Education, News

Universal free school meals becoming permanent this fall

All public schools in Massachusetts will permanently offer free meals for all students starting in the 2023-24 school year after Gov. Maura Healey included the program in the commonwealth’s $171.5 million fiscal year 2024 budget (Spenser Hasak)

BOSTON — Statewide free school meals are here.

All public schools in Massachusetts will permanently offer free meals for all students starting in the 2023-24 school year after Gov. Maura Healey included the program in the Commonwealth’s $171.5 million fiscal year 2024 budget, a portion of which will be paid for in part by the so-called “millionaire’s tax,” according to the State House News Service.

“Learning outcomes are better when kids aren’t hungry,” state Sen. Brendan Crighton said. “It takes away the stigma for folks who are of lower income when you just have one system for everyone.”

Jennifer Lemmerman is the vice president of public policy at the anti-hunger nonprofit Project Bread, which was one of the organizations pushing for statewide free meals.

According to Lemmerman, the program builds off of the free school-meal programs that were offered to the more than 910,000 students in Massachusetts public schools during the COVID-19 pandemic, which were funded by federal programs and then extended by the state last school year.

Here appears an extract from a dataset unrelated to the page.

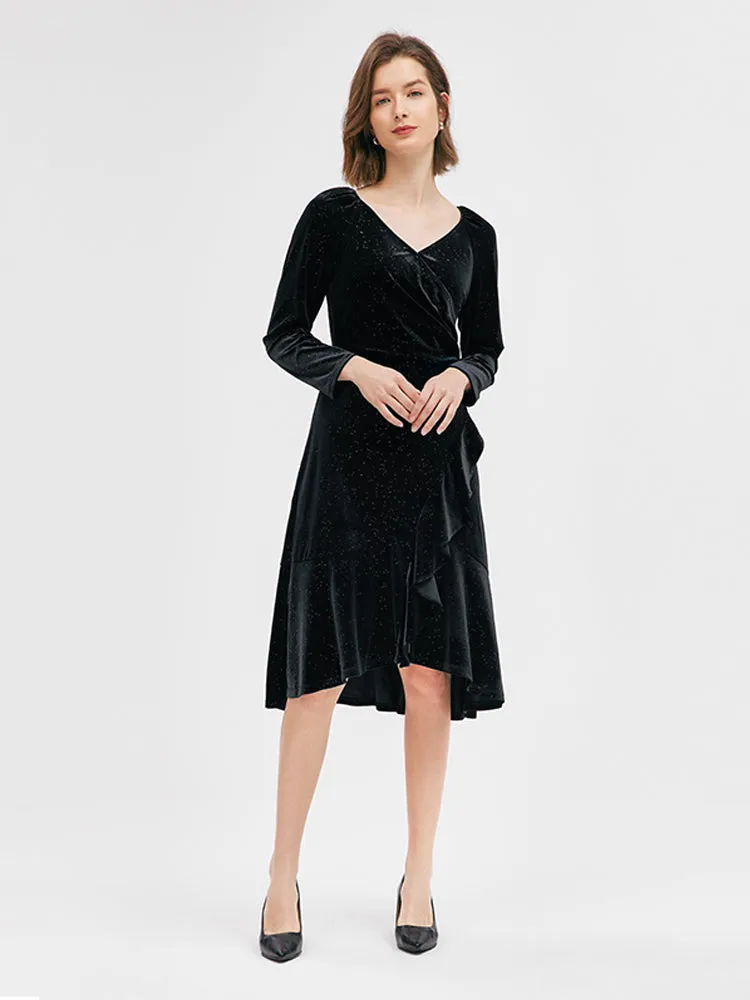 Black V-Neck Ruffled Velvet Midi Dress sold by Goelia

“We are thrilled,” Lemmerman said. “It’s a major investment for the state, but it’s one that has been such an enormous success and supports so many kids.”

Lynn Public Schools has offered free school lunches for its more than 15,000 students since 2018.

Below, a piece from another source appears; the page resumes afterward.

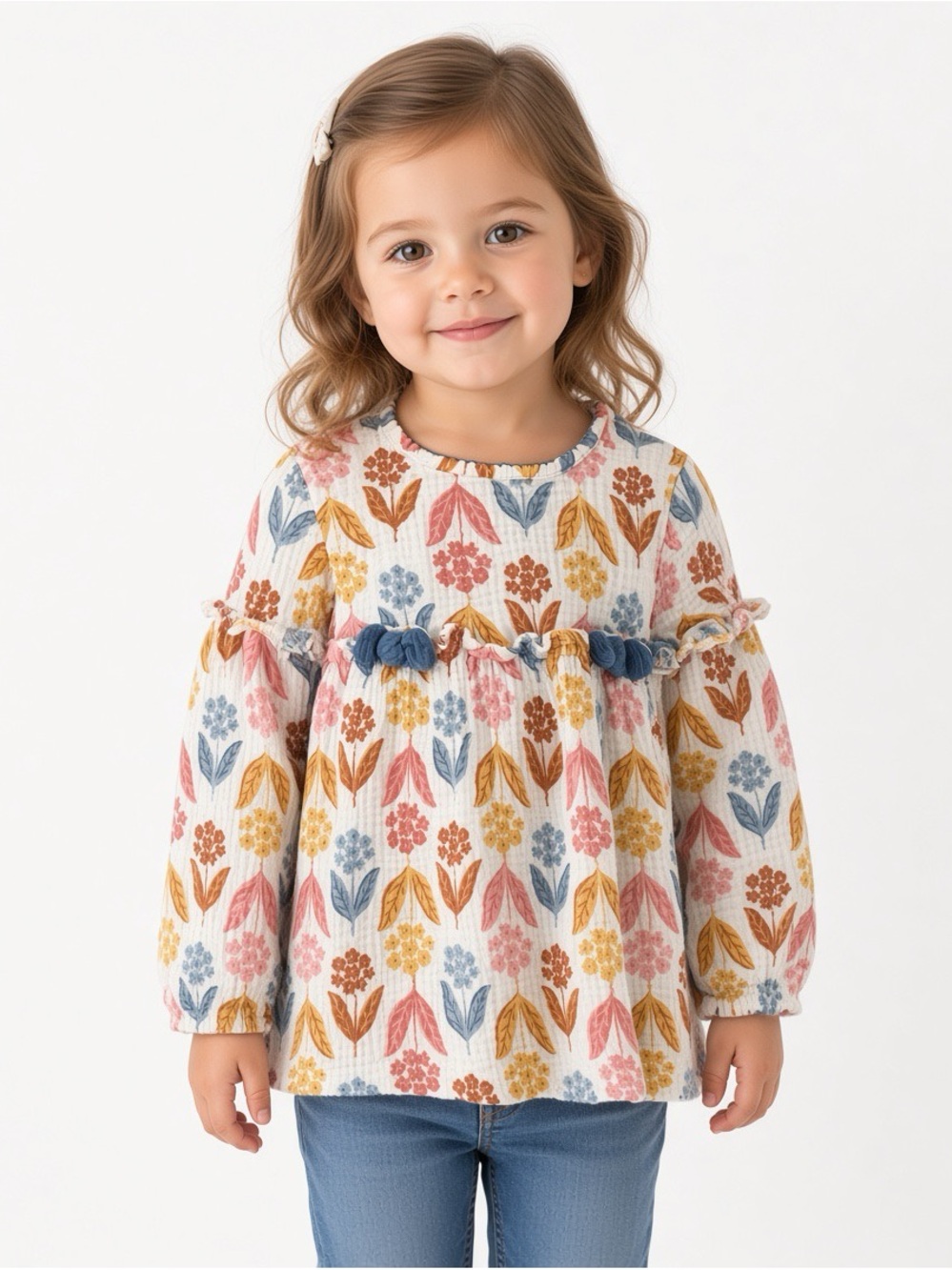 Mud Pie Floral Ruffle-Yoke Long Sleeve Top - White Multi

Lynn Mayor Jared Nicholson said he was happy to see free school meals be available to students across the state.

“(Lynn) has seen the positive impacts it has left on our youth and their families,” Nicholson said. “We are excited to see this program expand across the state, providing much-needed support to all families by promoting equitable access to healthy meals and reducing food insecurity.”

Crighton said the program will benefit those in towns that did not previously have universal free-lunch programs, but still have community members facing food insecurity.

“Even communities that are considered to be affluent have families that deal with food insecurity,” Crighton said. “This will make things a whole lot easier for them.”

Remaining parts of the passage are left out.